▸ INSTRUCTIONS FOR THE TASK
Within the listing that follows, reproduce exactly the lines starting at the line with "Фото Патрубок интеркулера" and ending at the line with "Harry Potter Slytherin", inclusive, and only those. Pictures are dropped.

▸ DATASET RECORDS
◇ ◇ ◇ ◇

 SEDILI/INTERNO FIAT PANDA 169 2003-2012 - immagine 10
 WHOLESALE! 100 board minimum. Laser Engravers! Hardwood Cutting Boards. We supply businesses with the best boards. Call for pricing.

◇ ◇ ◇ ◇

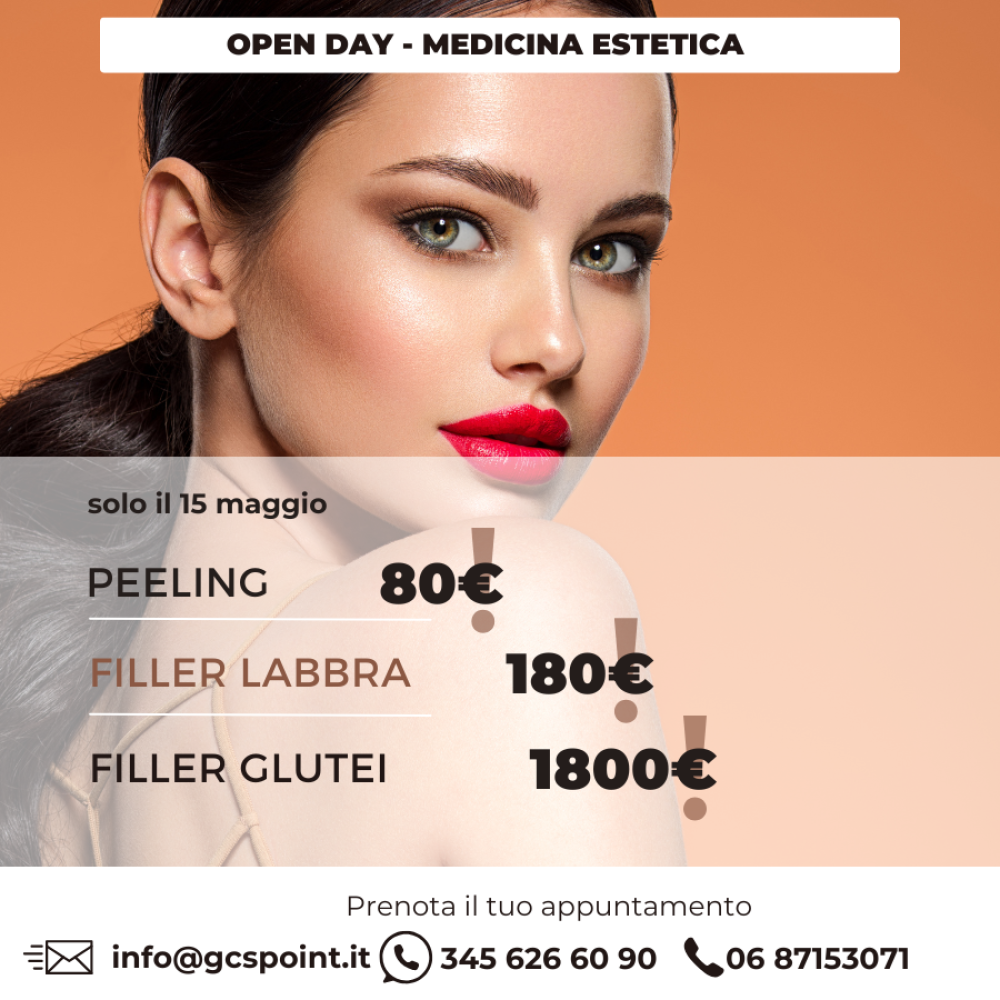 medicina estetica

◇ ◇ ◇ ◇

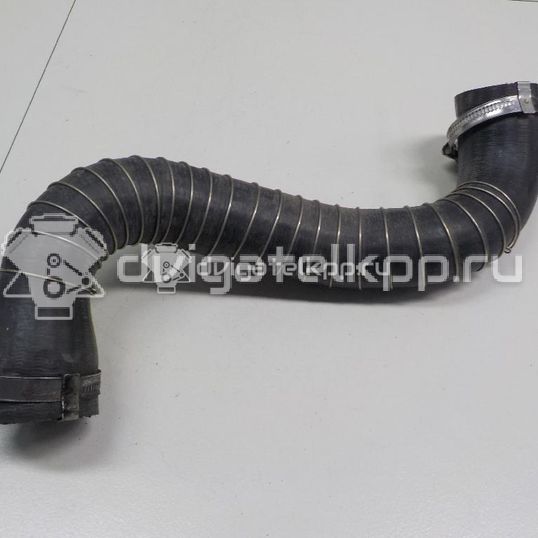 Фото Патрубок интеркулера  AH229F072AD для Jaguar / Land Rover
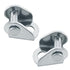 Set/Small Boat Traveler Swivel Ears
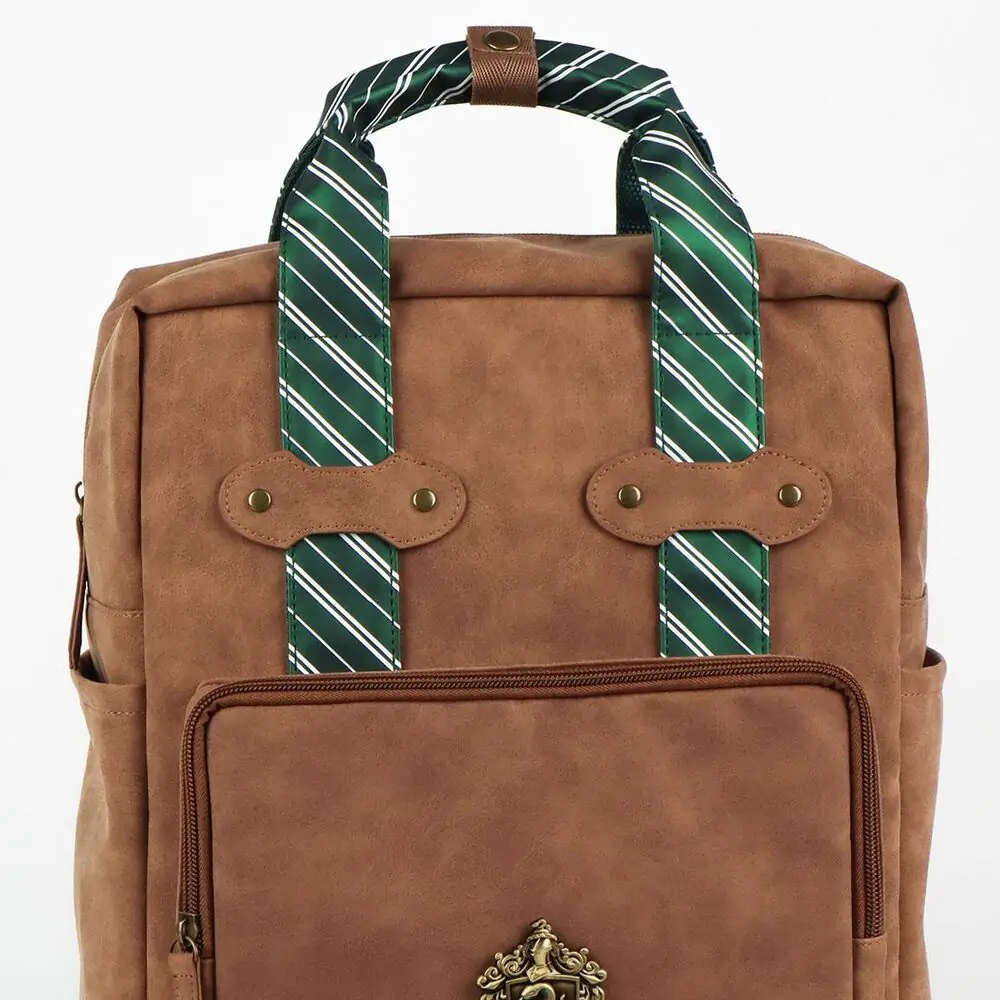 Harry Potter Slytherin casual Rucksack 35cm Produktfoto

◇ ◇ ◇ ◇

▸ TASK ANSWER
 Фото Патрубок интеркулера  AH229F072AD для Jaguar / Land Rover
 Set/Small Boat Traveler Swivel Ears
 Harry Potter Slytherin casual Rucksack 35cm Produktfoto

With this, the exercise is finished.